Your objective: Find the line below with "Хэтчбек ВАЗ 2114 Samara 2011 в" and the line with "ショート 艶髪/髪質改善 /Ryoのヘアスタイル". Output them and the lines between, exactly, but not the pictures.

Material shown:
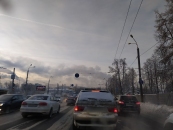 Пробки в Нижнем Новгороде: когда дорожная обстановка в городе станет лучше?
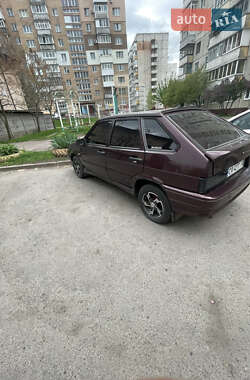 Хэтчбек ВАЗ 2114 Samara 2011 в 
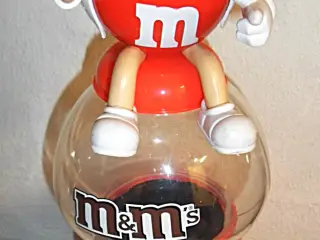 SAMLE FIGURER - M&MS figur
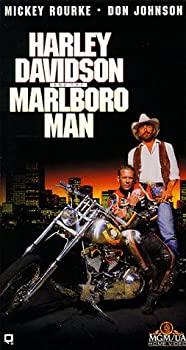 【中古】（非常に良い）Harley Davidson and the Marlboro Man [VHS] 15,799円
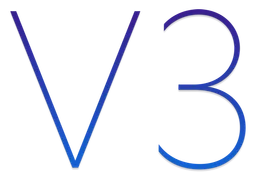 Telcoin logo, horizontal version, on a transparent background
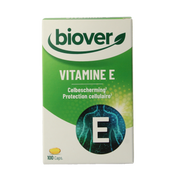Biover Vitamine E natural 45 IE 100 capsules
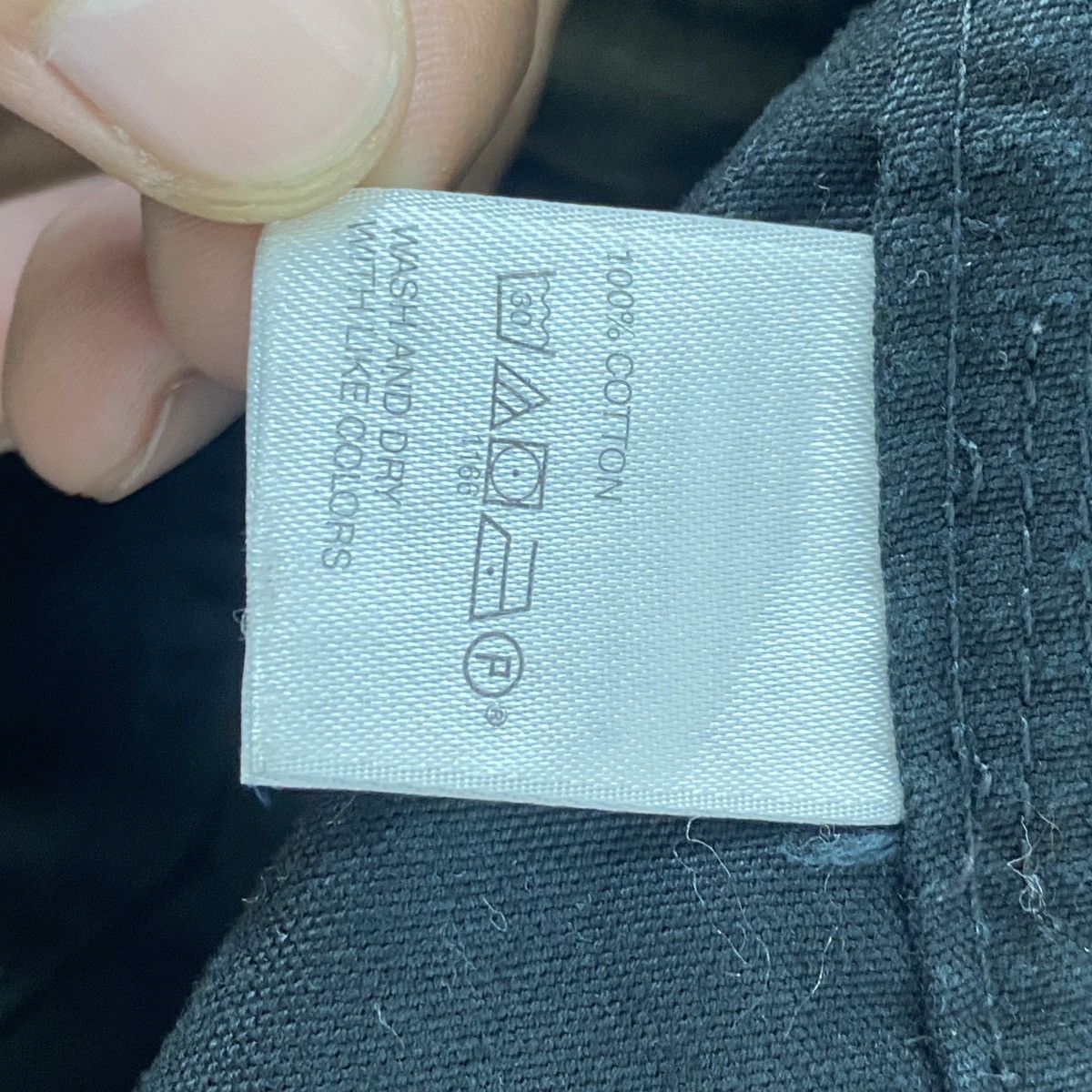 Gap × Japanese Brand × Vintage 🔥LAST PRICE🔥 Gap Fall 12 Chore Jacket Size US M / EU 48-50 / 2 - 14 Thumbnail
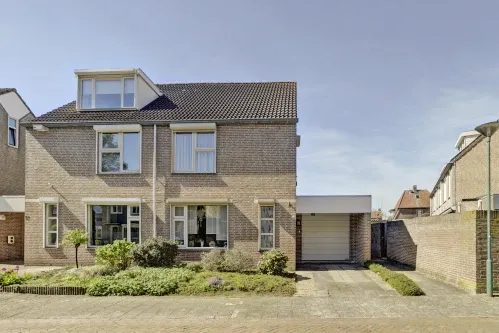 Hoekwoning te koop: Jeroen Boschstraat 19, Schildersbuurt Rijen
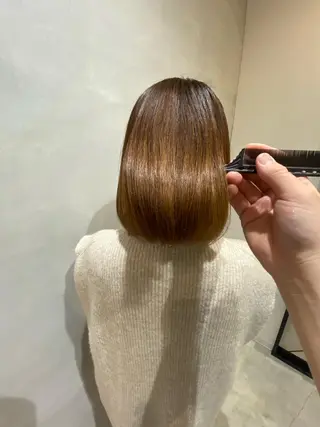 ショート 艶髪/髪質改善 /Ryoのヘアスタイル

...

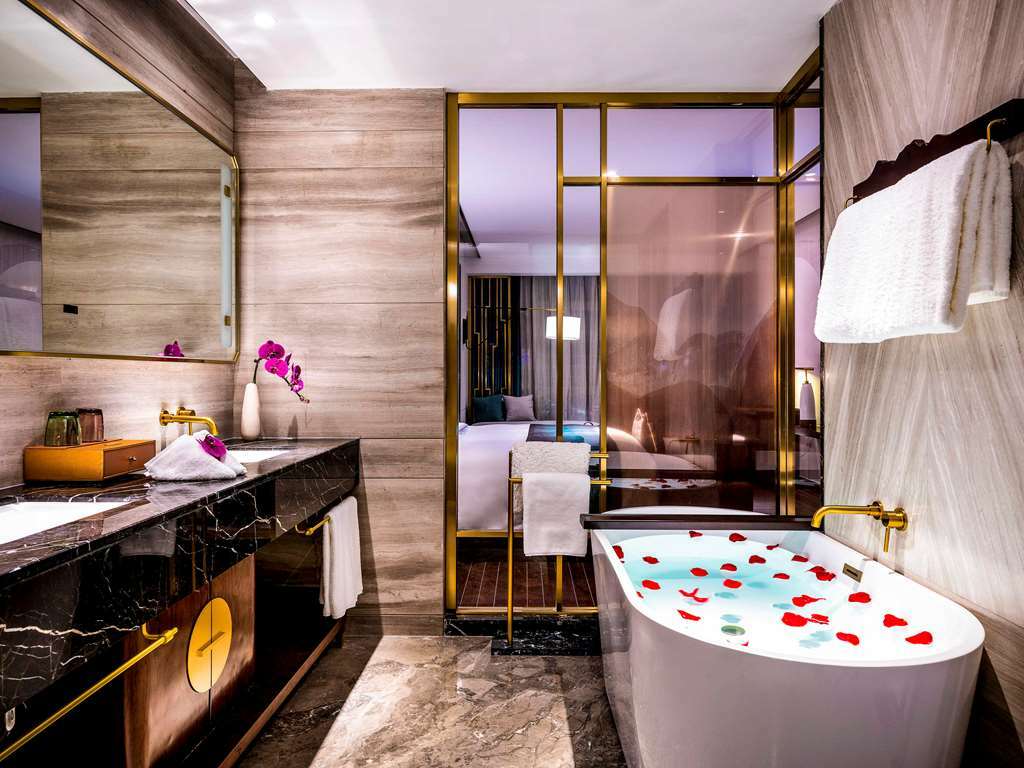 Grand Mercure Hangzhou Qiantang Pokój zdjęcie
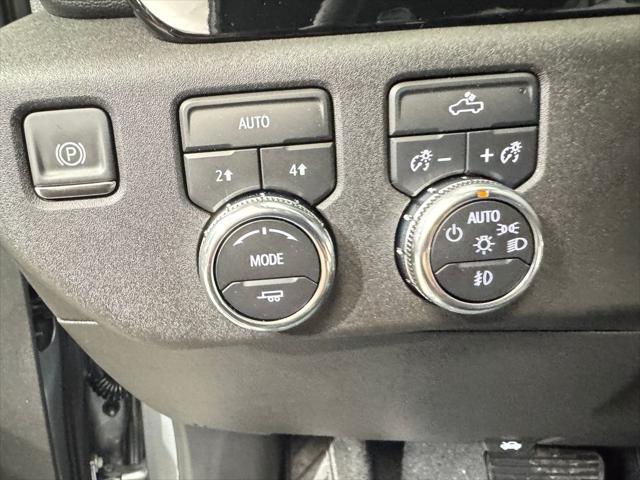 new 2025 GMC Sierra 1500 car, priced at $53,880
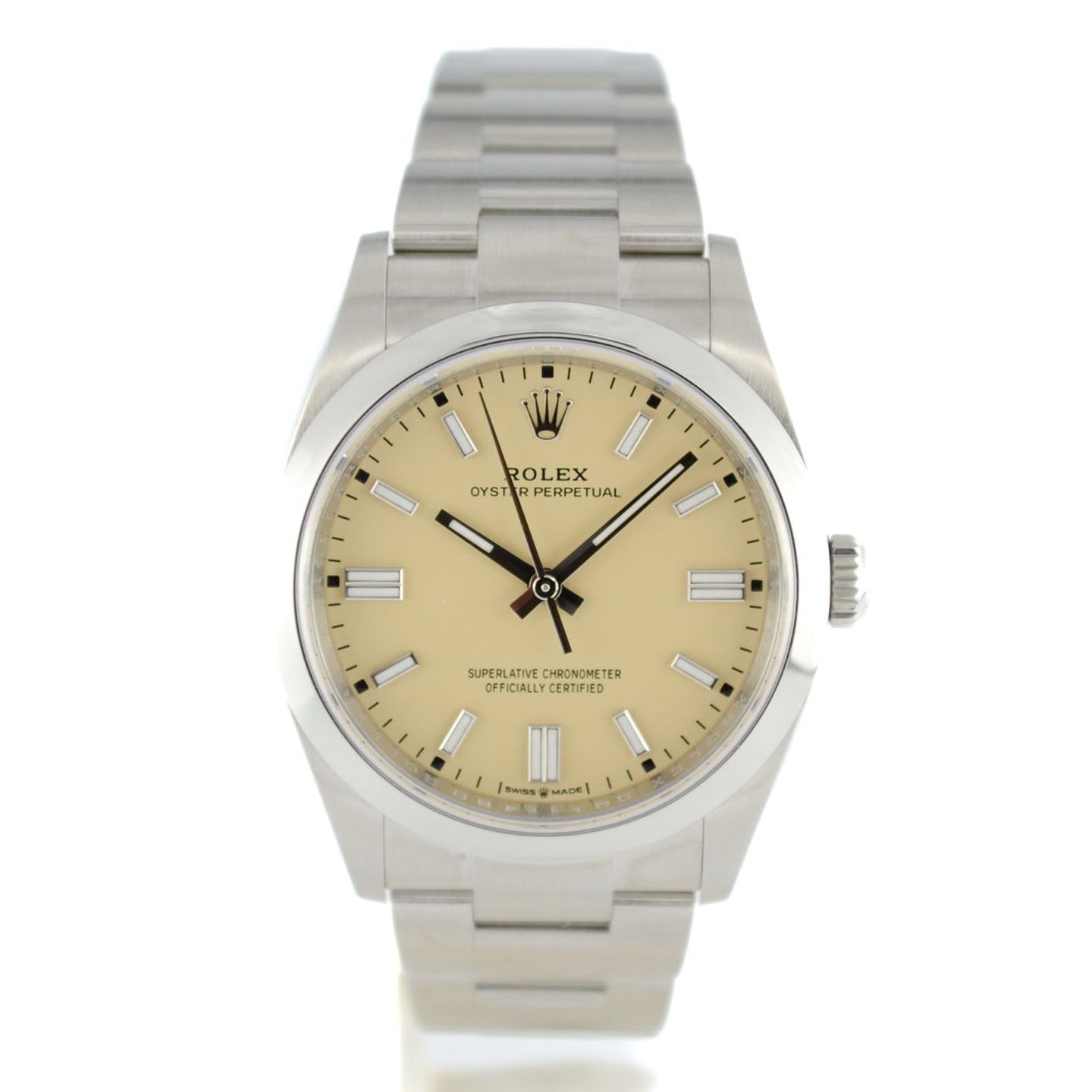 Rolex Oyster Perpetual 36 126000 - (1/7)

Output of the task:
 Хэтчбек ВАЗ 2114 Samara 2011 в 
 SAMLE FIGURER - M&MS figur
 【中古】（非常に良い）Harley Davidson and the Marlboro Man [VHS] 15,799円
 Telcoin logo, horizontal version, on a transparent background
Biover Vitamine E natural 45 IE 100 capsules
 Gap × Japanese Brand × Vintage 🔥LAST PRICE🔥 Gap Fall 12 Chore Jacket Size US M / EU 48-50 / 2 - 14 Thumbnail
 Hoekwoning te koop: Jeroen Boschstraat 19, Schildersbuurt Rijen
 ショート 艶髪/髪質改善 /Ryoのヘアスタイル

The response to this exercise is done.